Menurut laporan terbaru, perkakas coding berbasis getaran atau ‘vibe coding tools’ bisa segera menjadi fitur menarik dalam rangkaian smartphone Galaxy. Samsung, raksasa teknologi asal Korea Selatan, dikabarkan sedang menjajaki kemungkinan memberikan alat berbasis kecerdasan buatan (AI) yang memberikan kebebasan bagi pengguna untuk memodifikasi aplikasi resmi dan antarmuka pengguna sesuai dengan keinginan mereka. Meskipun pengguna mungkin tidak akan mampu melakukan tugas coding berat, alat ini akan memungkinkan mereka untuk menciptakan dan mengedit aplikasi serta pengalaman di tingkat sistem.

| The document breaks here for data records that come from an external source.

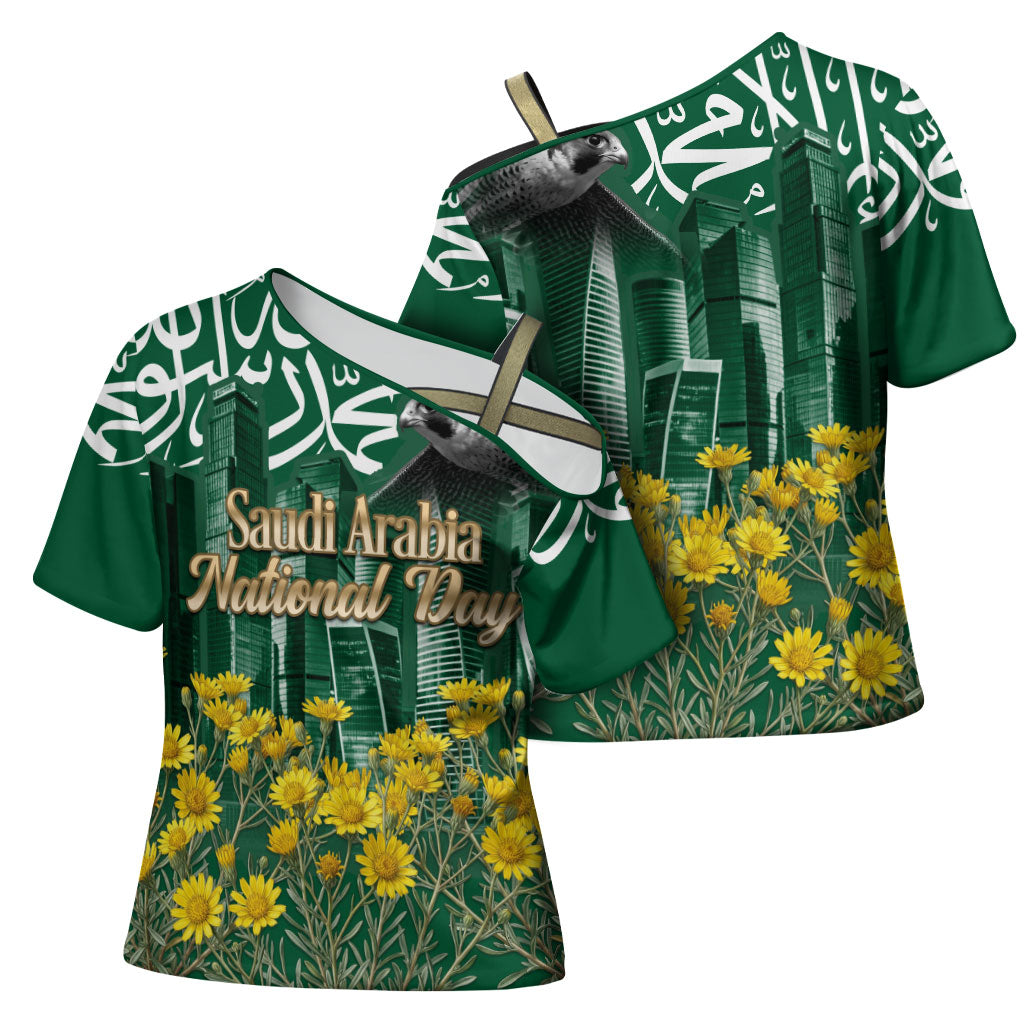 Saudi Arabia National Day Cross Shoulder Shirt Falcon Skyline Arabic Calligraphy Cultural Pride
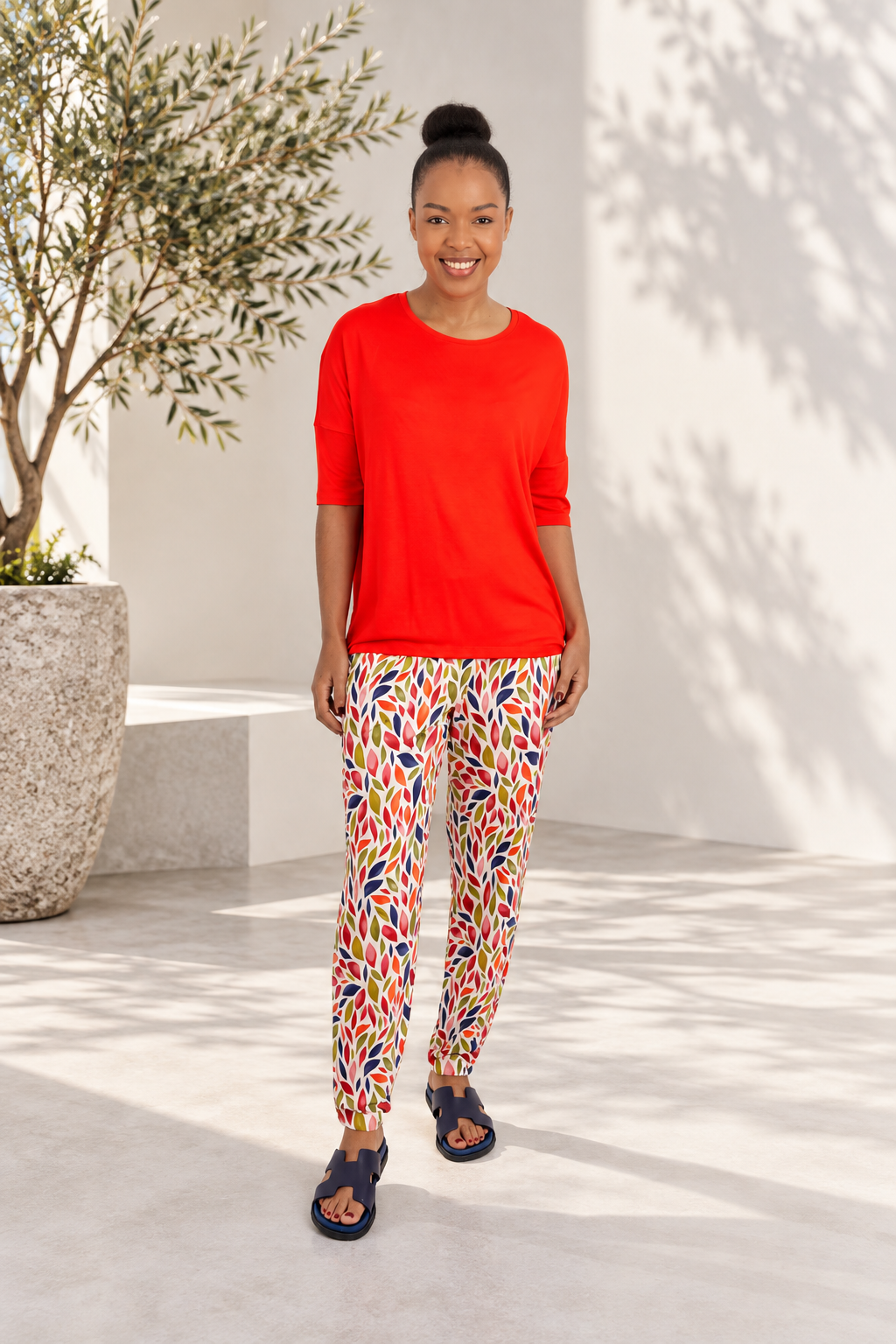 Chloe - Tee with Back Seam, Tangerine
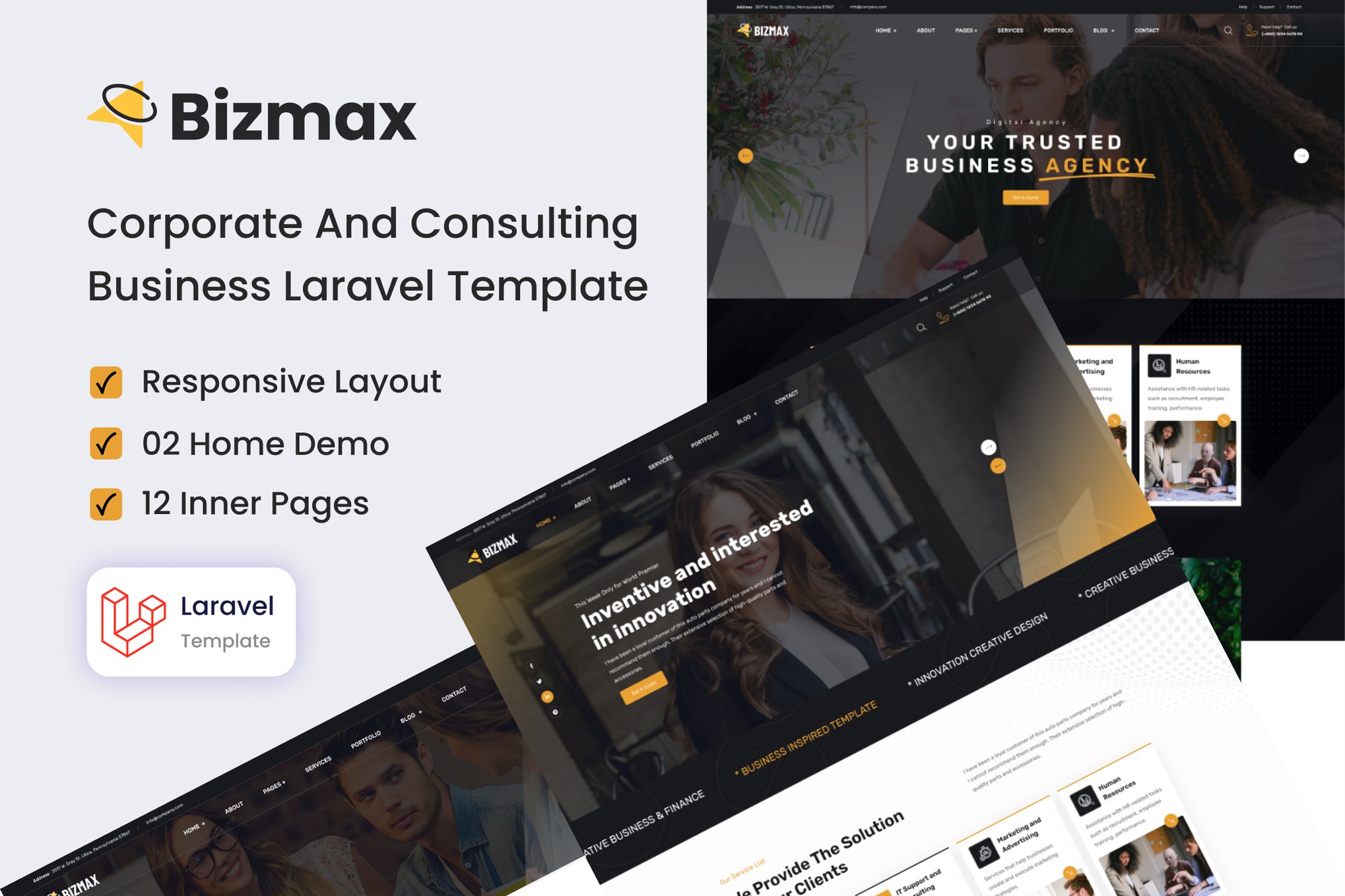 Imagen de portada de Bizmax - Laravel Business Consulting Template (plantilla web)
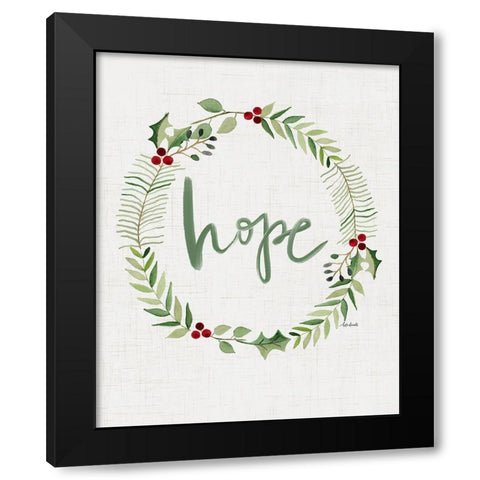 Hope Wreath Black Modern Wood Framed Art Print by Doucette, Katie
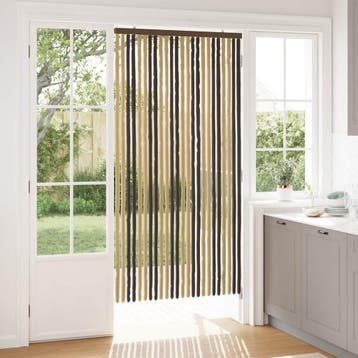 vidaXL Insecten Gordijn Chenille Donkerbruin en Beige 100 x, Verzenden, Nieuw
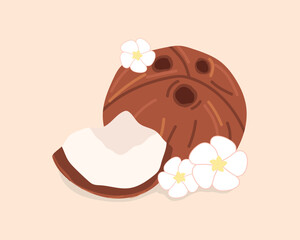 coconut. The tropical fruit is coconut. coconut chips. coconut grew on a palm tree. coconut milk. an artful cocktail. a fruit painted in a flat style. vector. delicious milk.	
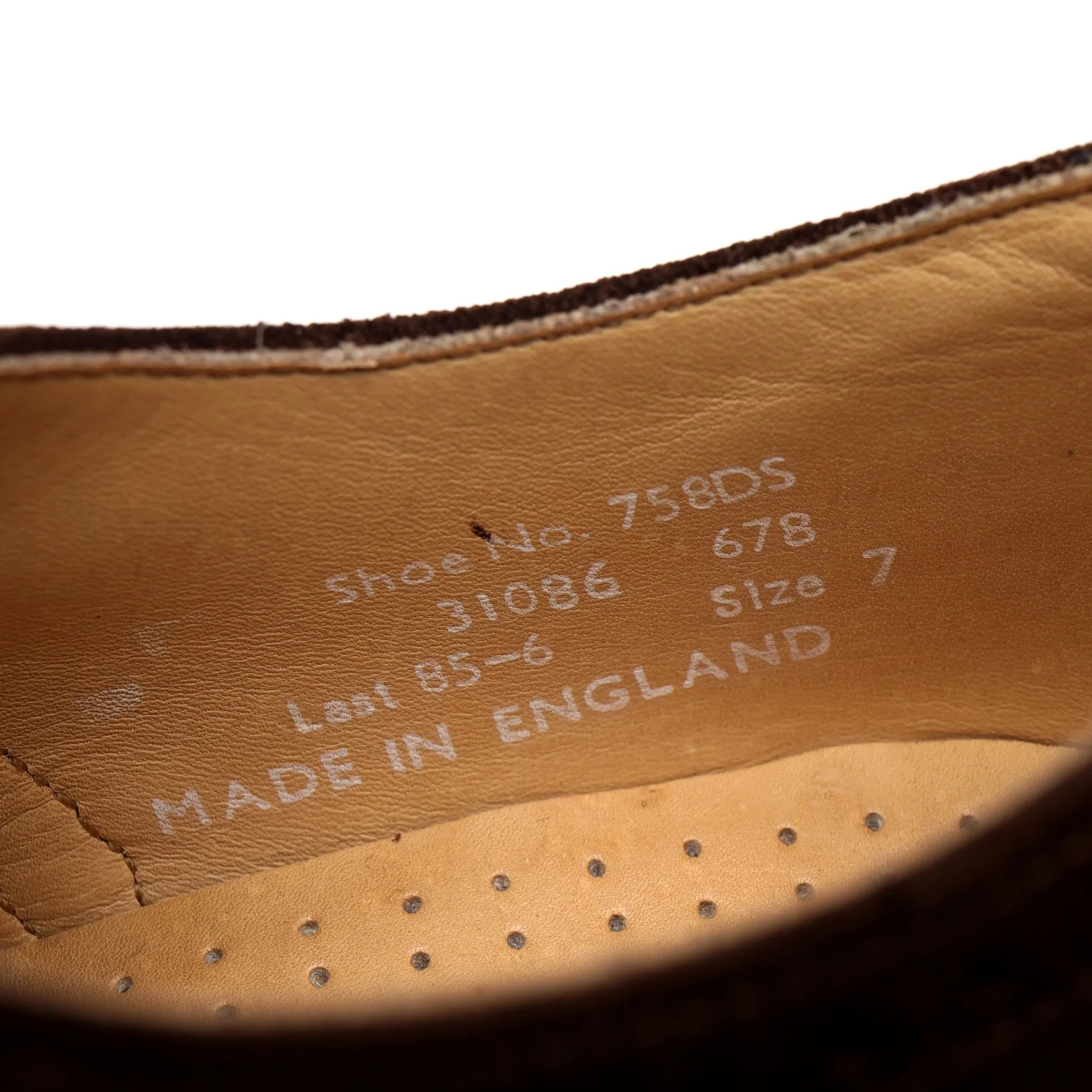 '758' Dark Brown Suede Oxford Brogues UK 7 F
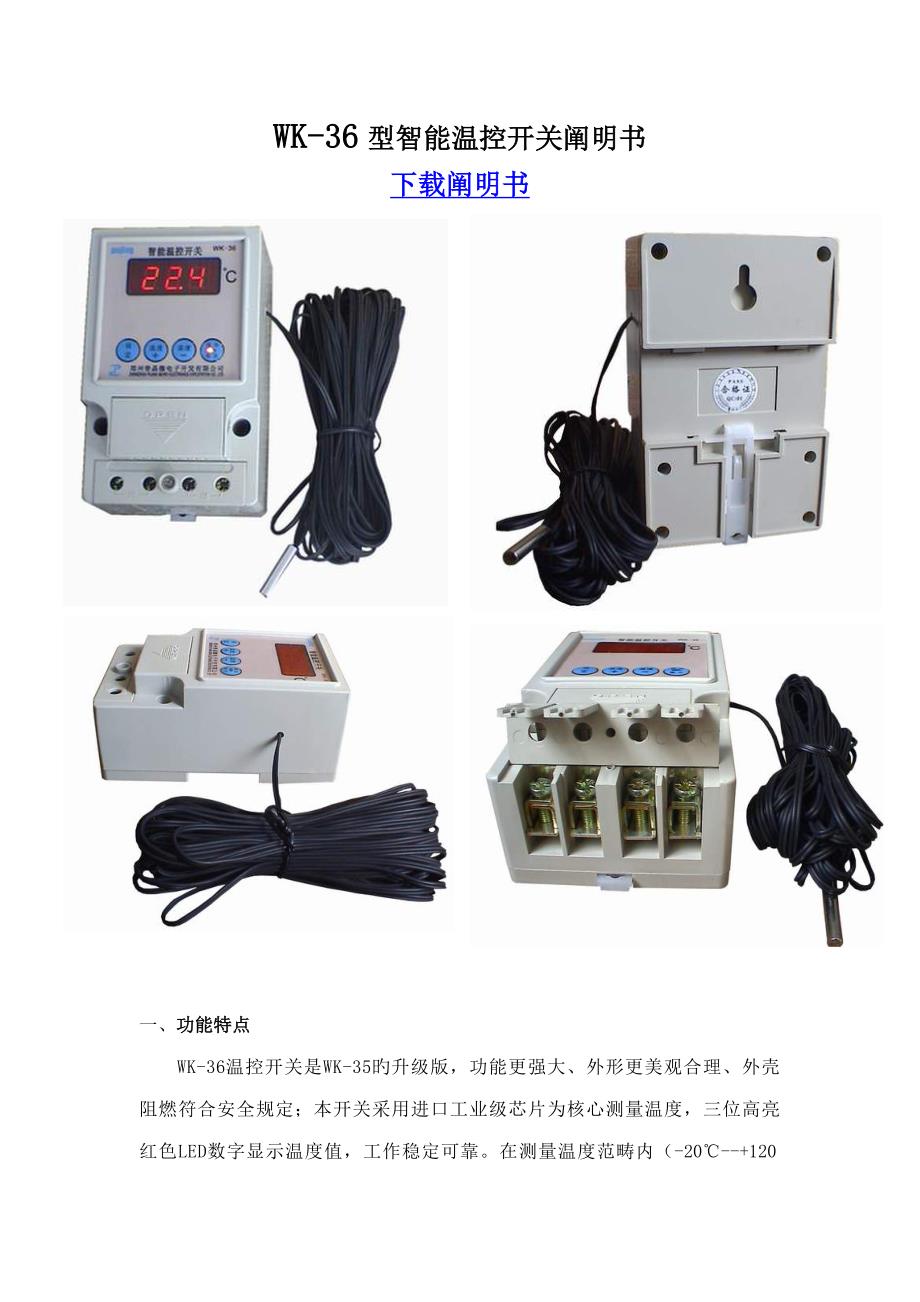 型智能温控开关专项说明书_第1页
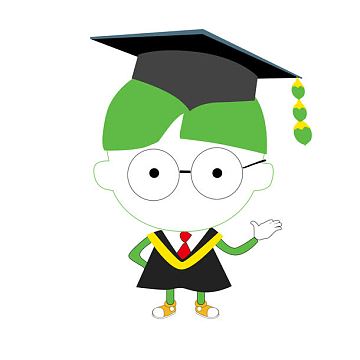 卡通戴眼镜的小博士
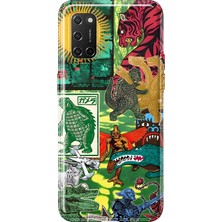 MONOFLEX Oppo A52/72/92 Uyumlu Kolaj Desenli Şeffaf Telefon Kılıfı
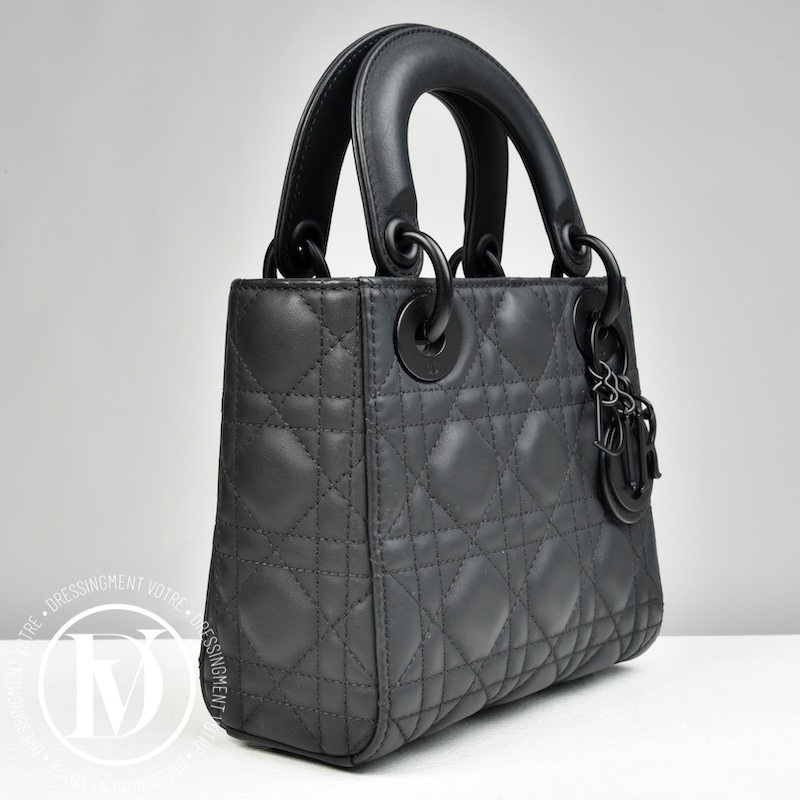 Mini Lady Dior en cuir ultramatte noir - Dior Mini Lady Dior en cuir ultramatte noir - Dior – Image 3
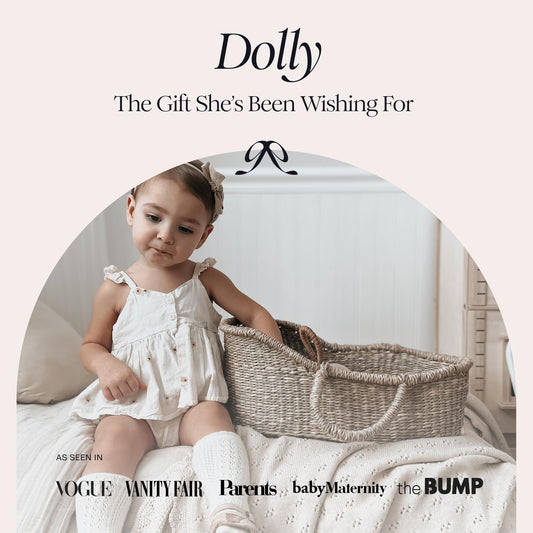 BEBE BASK handcrafted dolly basket with luxe mattress enhances doll comfort during play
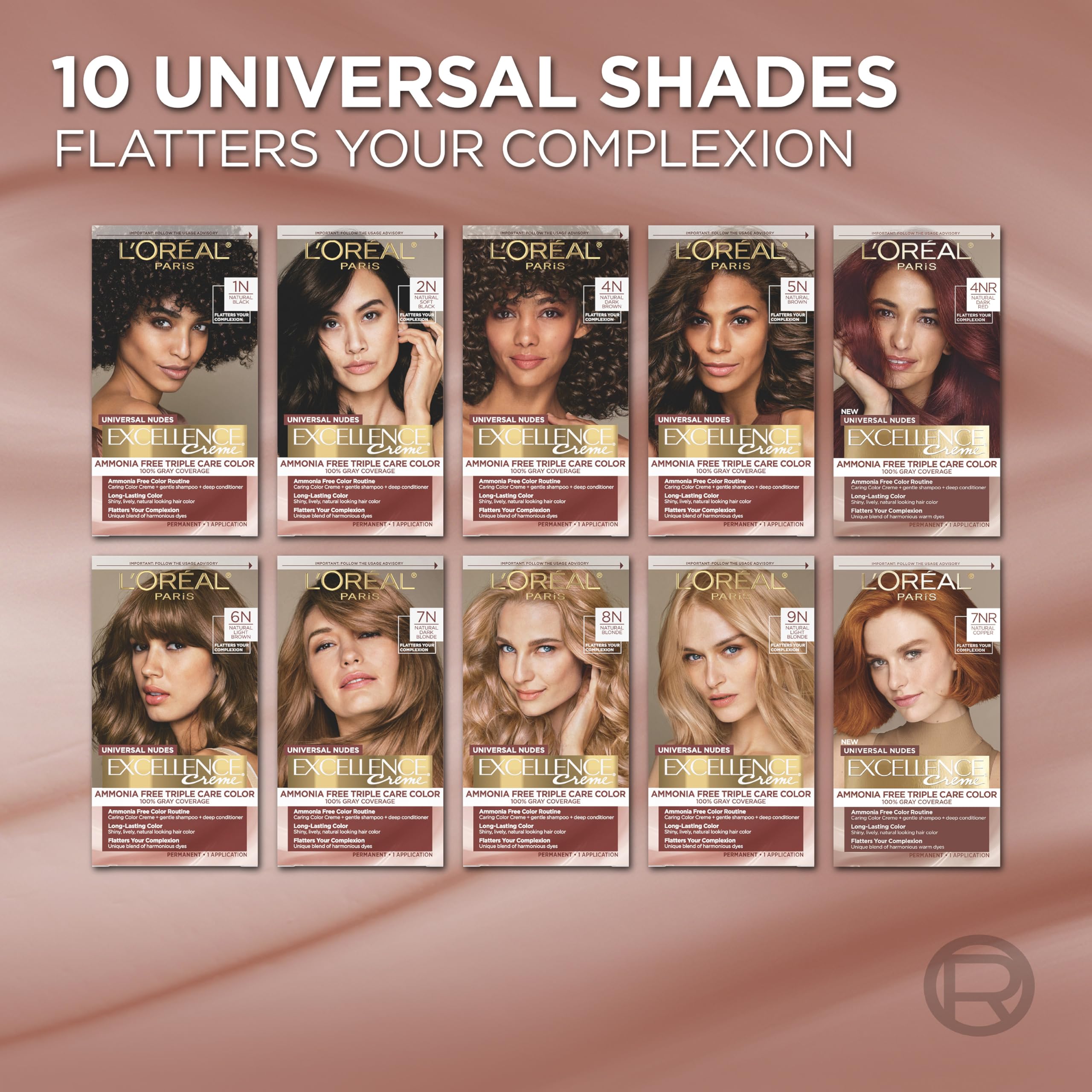 L'Oreal Paris Excellence Universal Nudes 2-pack box communicates convenient value for long-term use.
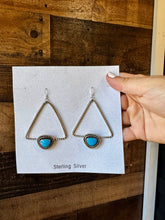 Load image into Gallery viewer, Dangle earrings Sterling silver with kingman turquoise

Namun, masih belum jelas kapan alat-alat ini akan dibangun dan kapan perusahaan akan mulai menggulirkannya kepada pengguna.

Samsung Berencana Menghadirkan Alat Vibe Coding ke Smartphone Galaxy

Sebuah laporan menyebutkan bahwa produsen smartphone ini menemukan ide menambahkan alat vibe coding cukup menarik. Dalam wawancara tersebut, Won-Joon Choi, Presiden dan Chief Operating Officer dari Mobile eXperience (MX) Business di Samsung, ditanya apakah perusahaan tersebut sedang mempertimbangkan untuk membawa alat yang berfokus pada vibe coding ke Galaxy AI.

Sebagai balasannya, eksekutif tersebut dilaporkan mengatakan bahwa ini adalah sesuatu yang sedang mereka pertimbangkan karena bisa menawarkan “kemungkinan untuk menyesuaikan pengalaman smartphone Anda dengan cara-cara baru, bukan hanya aplikasi Anda tetapi juga UX Anda.”

Presiden dan COO dari MX Business juga dilaporkan menjelaskan bagaimana alat seperti ini bisa bekerja. Dia mengatakan kepada publikasi bahwa saat ini, pengguna terbatas pada aplikasi yang sudah dibuat sebelumnya dengan penyesuaian yang terbatas. Namun, dengan alat vibe coding yang didukung oleh AI, mereka berpotensi dapat menyesuaikan aplikasi dan bahkan antarmuka pengguna untuk lebih memenuhi kebutuhan mereka.

Selanjutnya, perlu dicatat, vibe coding, dalam istilah AI, merujuk pada penggunaan model bahasa besar untuk menulis, mengedit, debug, dan menyebarkan kode serta perangkat lunak secara keseluruhan. Istilah ini baru-baru ini menjadi populer setelah perusahaan seperti OpenAI, Google, Anthropic, dan lainnya merilis model AI dan produk yang berfokus pada coding.

Di sisi lain, perusahaan baru-baru ini meluncurkan seri Samsung Galaxy S26 secara global, memperkenalkan beberapa fitur AI baru. Sekarang Nudge menggunakan konteks layar untuk memberikan saran dan jalan pintas real-time, Agentic Task Execution dapat melakukan tindakan multi-langkah di berbagai aplikasi, Photo Assist Suite dapat membuat editan untuk foto berdasarkan petunjuk bahasa alami, dan Creative Studio memungkinkan pengguna untuk mengubah sketsa, foto, dan petunjuk teks menjadi stiker, undangan, dan wallpaper.